“Give me a place to stand and I will move the earth”, said Archimedes. He was of course illustrating the principle of leverage, a word that is now an unutterable, thanks to the mega-banks disaster and the resulting credit crunch.
Engraving from “Mechanic’s Magazine”, cover of bound Volume II, (c) Knight & Lacey, London, 1824
Yet never does one need leverage more than in tough economic times or under tight operating conditions.
It is not a secret that the credit crunch in the western economies has put paid to a vast amount of investment related activity. Yet small and creative businesses do not simply cease to exist. Indeed the small-to-medium sized biotech and the communications technology firms that I am working with at the moment are forging ahead. Will they outlast the recession?
Obvious as it is, it helps to be in the right business, one that is not seen as a luxury and that can adapt rapidly to serve changed needs. Luxury brands such as Christian Lacroix and Tiffany have borne the brunt of the recession whilst supermarkets such as Sainsbury’s (UK), Tesco (UK) and Ahold (NL, US) are reporting strong profits by being able to serve families’ need to eat-in more. This, I realise, isn’t something that can be changed overnight. My biotech clients can scarcely enter the food business to keep cash flowing in.
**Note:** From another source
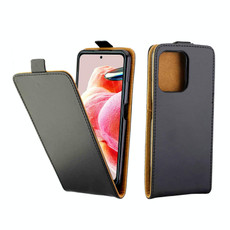 For Redmi Note 12 4G Vertical Flip Leather Phone Case with Card Slot(Black) For Redmi Note 12 4G Vertical Flip Leather Phone Case with Card Slot(Black)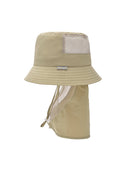 Outdoor Mesh Neck Cover Bucket Hat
But being in the right business does increase the chances of one’s survival.
A core strategic advantage lies in owning IP, the asset that can be used as leverage to open doors that may have been blocked by queues in happier times, when money was flowing like water. This, too, cannot be created overnight but if it exists, it can strengthen a company’s prospects.
With these two conditions met, here are some other things my clients are doing to survive and outlast the recession.
Some are seeking investment but when faced with eye-watering demands for equity in return for capital, most are deciding to bootstrap instead. Their main tool? Cutting costs where they can without damaging the revenue, such as founder executive and/ or senior executive salaries. This requires creativity, commitment, and laser-focus on ensuring the business stays afloat and on sales.
There may not be much capital flowing but there are still opportunities to make alliances, partnerships and other deals. Owning protected assets and the ability to deliver added value help. A great deal. Many conversations are going ahead as I write and I am happy to leverage my networks to help my clients.
Owning assets is also useful in exploration of new markets in search of growth and profits. After all Ahold, the Dutch group, is lifted by its performance in the US, whereas Tiffany’s sales did not drop in Asia as precipitously as they did elsewhere. I am working with a few companies – both biotech and software – on helping them enter new markets.
While smaller businesses cannot do some things as well as their larger, wealthier counterparts, their size gives them a great advantage in being able to change priorities more easily, to adapt quicker.
Being in the right business and owning IP gives small businesses that ‘place to stand’ from where they can, if they so wish, ‘move the earth’.